Murphy thinks "he CAN predict the future," Dan reports, 
"And he says we're in the middle of what he calls a 
'Transcession'." Evidently, the economists' glossary was 
insufficient for Mr. Murphy, who needed a new word - a mot 
juste - to describe this new phenomenon.


What is it, you may wonder? Dan explains: "It's the period 
when a revolution displaces the incumbent economy. For
example, the Industrial Revolution began in roughly 1845, 
but didn't seriously disrupt the Agrarian economy until 
1870's when the new technologies went from being disruptive 
to commonplace. Mass production hit full stride in
1918...[Remember, this is all according to Michael Murphy, 
who - I will warn you - thinks he sees another 'Revolution' 
in the making] but it wasn't until the 1930's that the
division of labor was fundamentally altered by the 
machine."


"And as you might guess," continues Dan's report, "IBM 
introduced the PC in 1981. And this, according to Murphy, 
will start destroying the Old Economy in earnest by 2003." 

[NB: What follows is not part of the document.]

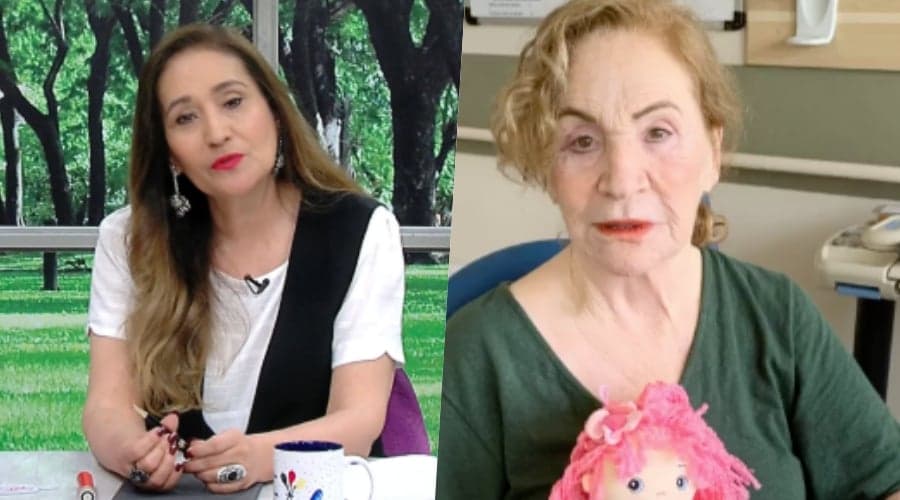 Ufa! Após meses de sofrimento, mãe de Sonia Abrão apresenta melhora significativa e filha desabafa: "Meu presente"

Racing ahead, and to fully disclose our bias, I will also 
warn you that 4 of Murphy's 'must own' stocks for the new 
revolutionary economy are the very same ones which Dan and 
Lynn Carpenter have identified as 'must sell' stocks for 
the readers of their Fleet Street Letter: AOL, Cisco, Intel 
and Oracle.


Transcession must be the fall-back position for the New 
Tech bulls. The Nasdaq is down 46% from its March high - 
and some of the 'must own' tech stocks are down even more. 
Computer sales, chip sales, telecoms, Internet sales, 
profits, growth rates, GDP growth - just about everything 
associated with the big techs seems to be disappointing. 
"People are realizing," said a 'global strategist' for 
Merrill Lynch on the front page of the International Herald 
Tribune today, "that tech stocks are cyclical."


But now the dreamers and schemers among the New Era 
believers have figured out an explanation: there is a time 
lag between the introduction of 'disruptive technology' and 
its radical consequences. 


In fact, a Daily Reckoning reader wrote yesterday to pose 
the question: "Isn't it possible," he asked...making it 
hard to deny... "that information alone may not make 
people rich...but when it is applied by businesses to make 
better, faster, cheaper products it will then pay off in an 
astonishing way?"


Yes, it is possible. More access to information at lower 
cost should allow more people to do more different things, 
more efficiently. Everyone will benefit. Production will be 
improved. Prices will fall. We will all be richer.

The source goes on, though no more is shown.